> [Task description]:
The answer must consist of each line below that contains the string "amazon".

(Source records)
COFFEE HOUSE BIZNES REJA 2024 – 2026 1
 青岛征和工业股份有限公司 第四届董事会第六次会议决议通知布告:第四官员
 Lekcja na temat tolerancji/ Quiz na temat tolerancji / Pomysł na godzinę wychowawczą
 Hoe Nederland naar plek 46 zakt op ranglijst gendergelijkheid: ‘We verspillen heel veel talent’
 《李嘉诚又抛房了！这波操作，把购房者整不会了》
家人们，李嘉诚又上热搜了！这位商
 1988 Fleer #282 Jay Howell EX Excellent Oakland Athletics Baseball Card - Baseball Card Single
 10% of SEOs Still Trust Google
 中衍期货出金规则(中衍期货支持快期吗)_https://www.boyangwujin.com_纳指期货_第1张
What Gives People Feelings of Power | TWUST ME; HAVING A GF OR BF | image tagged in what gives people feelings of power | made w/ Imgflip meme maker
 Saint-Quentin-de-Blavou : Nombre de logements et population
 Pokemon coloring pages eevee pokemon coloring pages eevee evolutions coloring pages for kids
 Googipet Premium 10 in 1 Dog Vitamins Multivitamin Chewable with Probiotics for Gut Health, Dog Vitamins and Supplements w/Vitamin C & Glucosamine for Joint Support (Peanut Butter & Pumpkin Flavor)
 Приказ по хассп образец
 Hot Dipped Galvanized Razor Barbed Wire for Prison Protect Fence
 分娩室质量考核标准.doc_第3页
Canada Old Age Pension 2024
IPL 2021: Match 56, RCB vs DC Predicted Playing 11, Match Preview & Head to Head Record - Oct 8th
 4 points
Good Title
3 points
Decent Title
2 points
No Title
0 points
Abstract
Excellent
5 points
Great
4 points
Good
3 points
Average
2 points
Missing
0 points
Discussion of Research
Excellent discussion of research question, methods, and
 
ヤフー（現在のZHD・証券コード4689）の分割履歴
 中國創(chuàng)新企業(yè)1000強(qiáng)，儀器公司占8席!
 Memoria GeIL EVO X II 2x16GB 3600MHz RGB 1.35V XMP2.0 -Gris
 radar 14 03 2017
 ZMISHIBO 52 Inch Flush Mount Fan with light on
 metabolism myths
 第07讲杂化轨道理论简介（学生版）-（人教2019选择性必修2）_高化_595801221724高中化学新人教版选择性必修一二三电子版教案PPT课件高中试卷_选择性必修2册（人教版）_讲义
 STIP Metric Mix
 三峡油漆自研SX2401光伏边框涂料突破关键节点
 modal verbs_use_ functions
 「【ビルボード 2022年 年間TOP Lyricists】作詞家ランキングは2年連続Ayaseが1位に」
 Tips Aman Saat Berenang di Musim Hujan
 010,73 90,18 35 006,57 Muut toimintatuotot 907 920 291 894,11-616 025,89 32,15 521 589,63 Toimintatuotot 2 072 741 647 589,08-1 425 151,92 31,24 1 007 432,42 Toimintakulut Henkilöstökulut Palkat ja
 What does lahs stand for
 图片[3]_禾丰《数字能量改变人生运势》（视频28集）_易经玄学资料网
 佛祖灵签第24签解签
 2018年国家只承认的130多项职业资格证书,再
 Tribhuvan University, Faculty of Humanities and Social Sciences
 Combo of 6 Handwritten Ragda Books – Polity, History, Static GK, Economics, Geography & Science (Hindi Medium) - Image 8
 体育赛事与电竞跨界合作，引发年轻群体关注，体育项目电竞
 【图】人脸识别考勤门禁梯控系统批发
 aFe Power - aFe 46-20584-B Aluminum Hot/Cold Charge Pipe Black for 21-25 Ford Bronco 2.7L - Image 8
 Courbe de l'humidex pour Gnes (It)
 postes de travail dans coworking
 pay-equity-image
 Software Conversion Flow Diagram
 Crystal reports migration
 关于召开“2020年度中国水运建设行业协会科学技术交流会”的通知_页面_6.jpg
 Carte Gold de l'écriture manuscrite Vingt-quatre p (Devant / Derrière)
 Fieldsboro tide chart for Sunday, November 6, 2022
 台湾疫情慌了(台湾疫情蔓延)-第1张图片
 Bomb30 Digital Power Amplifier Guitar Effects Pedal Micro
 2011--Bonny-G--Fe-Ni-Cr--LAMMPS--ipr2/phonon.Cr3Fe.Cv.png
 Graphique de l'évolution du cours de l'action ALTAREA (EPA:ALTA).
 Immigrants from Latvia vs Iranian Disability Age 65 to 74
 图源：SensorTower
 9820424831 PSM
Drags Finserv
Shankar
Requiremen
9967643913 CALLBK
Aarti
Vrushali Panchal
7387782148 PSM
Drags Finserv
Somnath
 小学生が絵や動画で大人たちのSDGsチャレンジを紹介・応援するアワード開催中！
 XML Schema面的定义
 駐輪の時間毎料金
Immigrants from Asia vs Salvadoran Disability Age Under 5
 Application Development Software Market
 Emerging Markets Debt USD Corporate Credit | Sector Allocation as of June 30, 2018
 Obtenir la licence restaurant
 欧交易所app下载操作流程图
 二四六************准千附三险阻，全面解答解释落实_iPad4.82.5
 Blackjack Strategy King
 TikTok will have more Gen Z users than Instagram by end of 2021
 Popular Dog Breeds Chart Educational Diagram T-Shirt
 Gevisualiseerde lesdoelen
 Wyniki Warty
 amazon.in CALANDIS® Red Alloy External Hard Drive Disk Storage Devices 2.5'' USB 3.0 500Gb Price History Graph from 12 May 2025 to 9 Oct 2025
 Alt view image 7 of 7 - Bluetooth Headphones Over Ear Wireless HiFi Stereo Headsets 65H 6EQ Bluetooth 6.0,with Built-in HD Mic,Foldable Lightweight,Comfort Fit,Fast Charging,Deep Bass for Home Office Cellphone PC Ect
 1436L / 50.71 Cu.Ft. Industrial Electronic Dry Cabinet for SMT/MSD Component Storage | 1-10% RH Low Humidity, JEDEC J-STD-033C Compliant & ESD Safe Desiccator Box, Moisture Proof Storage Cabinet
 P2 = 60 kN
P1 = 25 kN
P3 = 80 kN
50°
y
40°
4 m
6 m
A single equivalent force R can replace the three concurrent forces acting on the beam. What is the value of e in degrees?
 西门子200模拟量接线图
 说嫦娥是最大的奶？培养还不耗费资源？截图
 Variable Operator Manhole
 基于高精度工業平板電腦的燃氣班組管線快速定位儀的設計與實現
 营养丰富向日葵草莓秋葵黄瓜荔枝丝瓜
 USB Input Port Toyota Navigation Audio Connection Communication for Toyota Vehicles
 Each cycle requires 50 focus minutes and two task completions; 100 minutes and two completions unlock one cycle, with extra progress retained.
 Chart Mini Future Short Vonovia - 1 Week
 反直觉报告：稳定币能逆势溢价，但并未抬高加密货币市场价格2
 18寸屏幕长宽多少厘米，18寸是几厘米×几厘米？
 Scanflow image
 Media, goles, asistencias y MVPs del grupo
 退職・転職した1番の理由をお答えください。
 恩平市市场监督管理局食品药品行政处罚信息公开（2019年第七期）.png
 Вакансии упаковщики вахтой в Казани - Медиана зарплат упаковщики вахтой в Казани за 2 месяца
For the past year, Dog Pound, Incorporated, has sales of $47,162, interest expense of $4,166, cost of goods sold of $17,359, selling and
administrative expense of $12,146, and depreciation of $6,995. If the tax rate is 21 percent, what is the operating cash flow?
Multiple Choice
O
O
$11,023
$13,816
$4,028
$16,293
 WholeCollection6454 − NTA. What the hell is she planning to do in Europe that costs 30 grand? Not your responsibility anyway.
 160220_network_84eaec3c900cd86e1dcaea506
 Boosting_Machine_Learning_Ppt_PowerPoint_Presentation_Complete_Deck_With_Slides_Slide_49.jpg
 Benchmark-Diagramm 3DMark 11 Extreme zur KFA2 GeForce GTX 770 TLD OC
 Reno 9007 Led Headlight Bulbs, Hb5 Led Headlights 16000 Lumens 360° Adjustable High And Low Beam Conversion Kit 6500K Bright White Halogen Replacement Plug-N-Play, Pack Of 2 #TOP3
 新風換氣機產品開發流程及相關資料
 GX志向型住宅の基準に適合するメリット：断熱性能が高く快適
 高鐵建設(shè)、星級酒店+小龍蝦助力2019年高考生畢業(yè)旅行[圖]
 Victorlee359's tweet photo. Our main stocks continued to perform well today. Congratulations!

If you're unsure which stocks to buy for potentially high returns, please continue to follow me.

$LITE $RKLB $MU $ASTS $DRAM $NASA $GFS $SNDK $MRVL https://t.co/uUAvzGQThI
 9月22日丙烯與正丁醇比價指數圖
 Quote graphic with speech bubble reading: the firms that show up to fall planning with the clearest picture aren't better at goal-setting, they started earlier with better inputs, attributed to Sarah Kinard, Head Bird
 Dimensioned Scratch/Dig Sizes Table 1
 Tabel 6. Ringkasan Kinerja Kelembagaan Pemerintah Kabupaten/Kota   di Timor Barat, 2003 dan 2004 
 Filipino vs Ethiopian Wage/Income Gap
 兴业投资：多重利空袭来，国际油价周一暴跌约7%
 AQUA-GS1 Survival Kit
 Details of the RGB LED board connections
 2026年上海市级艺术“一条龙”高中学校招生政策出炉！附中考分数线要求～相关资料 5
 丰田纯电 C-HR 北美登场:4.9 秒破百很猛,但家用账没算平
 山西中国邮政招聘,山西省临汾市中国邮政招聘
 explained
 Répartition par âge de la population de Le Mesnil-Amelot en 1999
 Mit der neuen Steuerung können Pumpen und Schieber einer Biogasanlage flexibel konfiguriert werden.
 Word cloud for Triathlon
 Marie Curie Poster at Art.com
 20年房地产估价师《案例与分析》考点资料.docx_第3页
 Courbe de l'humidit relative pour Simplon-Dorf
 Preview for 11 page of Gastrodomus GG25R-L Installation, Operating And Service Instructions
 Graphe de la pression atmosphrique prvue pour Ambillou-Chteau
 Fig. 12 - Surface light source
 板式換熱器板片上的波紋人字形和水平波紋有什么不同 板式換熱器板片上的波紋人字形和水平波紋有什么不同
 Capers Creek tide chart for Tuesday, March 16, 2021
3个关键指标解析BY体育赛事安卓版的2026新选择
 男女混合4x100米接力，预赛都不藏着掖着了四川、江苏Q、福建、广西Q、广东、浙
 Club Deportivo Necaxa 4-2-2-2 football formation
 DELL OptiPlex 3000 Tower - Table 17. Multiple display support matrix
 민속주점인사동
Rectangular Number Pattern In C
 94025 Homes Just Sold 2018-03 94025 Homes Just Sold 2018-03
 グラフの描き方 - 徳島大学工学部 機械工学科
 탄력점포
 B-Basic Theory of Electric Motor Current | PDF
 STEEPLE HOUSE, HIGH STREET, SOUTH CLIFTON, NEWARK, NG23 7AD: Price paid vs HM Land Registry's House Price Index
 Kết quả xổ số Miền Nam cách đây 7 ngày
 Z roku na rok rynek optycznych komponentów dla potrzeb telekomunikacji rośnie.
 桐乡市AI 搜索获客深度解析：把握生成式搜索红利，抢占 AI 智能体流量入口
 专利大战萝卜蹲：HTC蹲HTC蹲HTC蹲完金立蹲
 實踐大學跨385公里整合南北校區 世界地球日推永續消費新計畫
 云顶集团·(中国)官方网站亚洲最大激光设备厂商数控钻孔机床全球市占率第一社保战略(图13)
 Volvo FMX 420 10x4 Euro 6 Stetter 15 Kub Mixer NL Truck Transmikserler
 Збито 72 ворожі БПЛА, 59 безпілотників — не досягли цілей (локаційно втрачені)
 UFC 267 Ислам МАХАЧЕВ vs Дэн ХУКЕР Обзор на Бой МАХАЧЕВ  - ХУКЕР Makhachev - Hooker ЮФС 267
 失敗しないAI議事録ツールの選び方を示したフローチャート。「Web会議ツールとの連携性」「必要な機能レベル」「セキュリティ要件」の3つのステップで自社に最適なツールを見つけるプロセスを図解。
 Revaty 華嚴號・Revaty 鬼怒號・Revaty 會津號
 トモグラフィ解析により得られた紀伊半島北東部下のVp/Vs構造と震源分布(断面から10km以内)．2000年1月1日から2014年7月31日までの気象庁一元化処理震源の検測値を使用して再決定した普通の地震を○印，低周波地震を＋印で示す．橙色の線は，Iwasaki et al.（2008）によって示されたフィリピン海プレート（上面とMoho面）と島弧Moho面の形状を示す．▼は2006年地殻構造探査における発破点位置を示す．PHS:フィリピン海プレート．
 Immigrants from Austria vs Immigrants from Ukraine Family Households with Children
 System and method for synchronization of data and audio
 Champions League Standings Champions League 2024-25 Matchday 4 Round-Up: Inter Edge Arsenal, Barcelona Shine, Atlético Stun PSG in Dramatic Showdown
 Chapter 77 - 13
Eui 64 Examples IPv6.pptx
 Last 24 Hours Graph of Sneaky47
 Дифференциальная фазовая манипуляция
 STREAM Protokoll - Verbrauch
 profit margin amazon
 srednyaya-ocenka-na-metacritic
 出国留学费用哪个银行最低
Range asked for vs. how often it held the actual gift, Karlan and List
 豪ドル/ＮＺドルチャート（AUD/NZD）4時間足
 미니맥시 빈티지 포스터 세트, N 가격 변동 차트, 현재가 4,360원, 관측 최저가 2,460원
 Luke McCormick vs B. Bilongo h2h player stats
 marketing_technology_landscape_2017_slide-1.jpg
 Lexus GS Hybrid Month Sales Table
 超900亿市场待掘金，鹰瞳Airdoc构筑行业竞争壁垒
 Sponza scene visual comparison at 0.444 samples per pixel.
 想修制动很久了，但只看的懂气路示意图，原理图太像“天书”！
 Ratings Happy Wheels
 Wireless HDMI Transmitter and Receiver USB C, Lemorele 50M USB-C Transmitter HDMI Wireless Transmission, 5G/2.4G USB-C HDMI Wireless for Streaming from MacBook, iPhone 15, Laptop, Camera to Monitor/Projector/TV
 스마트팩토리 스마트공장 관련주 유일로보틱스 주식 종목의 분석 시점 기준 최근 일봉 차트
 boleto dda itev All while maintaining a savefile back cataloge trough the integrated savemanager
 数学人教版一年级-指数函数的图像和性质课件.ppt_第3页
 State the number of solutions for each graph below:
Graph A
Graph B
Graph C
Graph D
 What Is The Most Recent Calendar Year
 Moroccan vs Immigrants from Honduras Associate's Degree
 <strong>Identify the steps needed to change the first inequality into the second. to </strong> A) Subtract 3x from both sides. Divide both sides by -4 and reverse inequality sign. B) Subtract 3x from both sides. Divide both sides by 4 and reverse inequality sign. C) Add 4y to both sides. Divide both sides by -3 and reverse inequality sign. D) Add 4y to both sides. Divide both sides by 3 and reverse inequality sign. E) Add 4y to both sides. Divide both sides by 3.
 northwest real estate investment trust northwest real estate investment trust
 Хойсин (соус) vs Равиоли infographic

> [Solution for this task]:
 amazon.in CALANDIS® Red Alloy External Hard Drive Disk Storage Devices 2.5'' USB 3.0 500Gb Price History Graph from 12 May 2025 to 9 Oct 2025
 profit margin amazon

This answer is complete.